*Source data*:
——————————

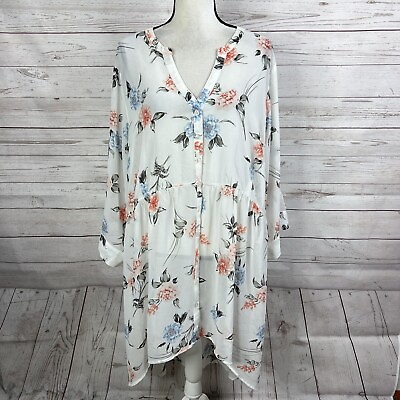 #ad Torrid Womens Sheer Button Up Tunic Blouse Size 4 4X White Floral Hi Low Chiffon $22.99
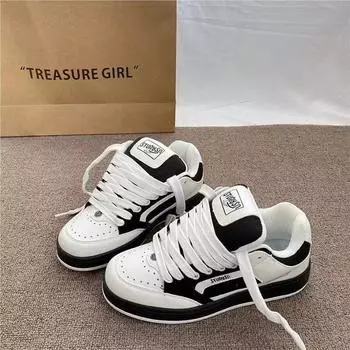 Дофаминовые ретро студенческие повседневные туфли весна новые черно-белые платформа надпись хлебные туфли женские 35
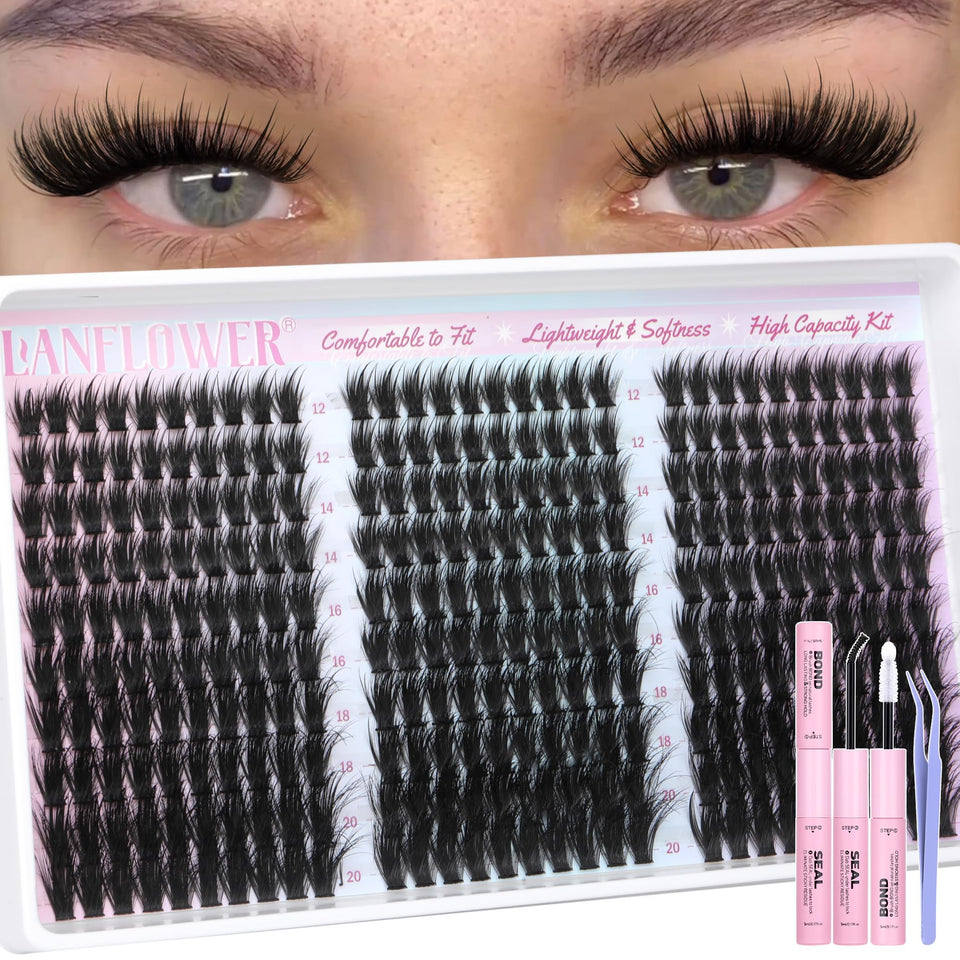 Lanflower Wispy Lash Clusters Kit with natural volume and subtle drama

——————————

*Requirement*:
Copying starts at the line containing "Дофаминовые ретро студенческие" and ends at the last line of the material above; repeat only those lines exactly and omit the pictures.

*Answer for this exercise*:
 Дофаминовые ретро студенческие повседневные туфли весна новые черно-белые платформа надпись хлебные туфли женские 35
 Lanflower Wispy Lash Clusters Kit with natural volume and subtle drama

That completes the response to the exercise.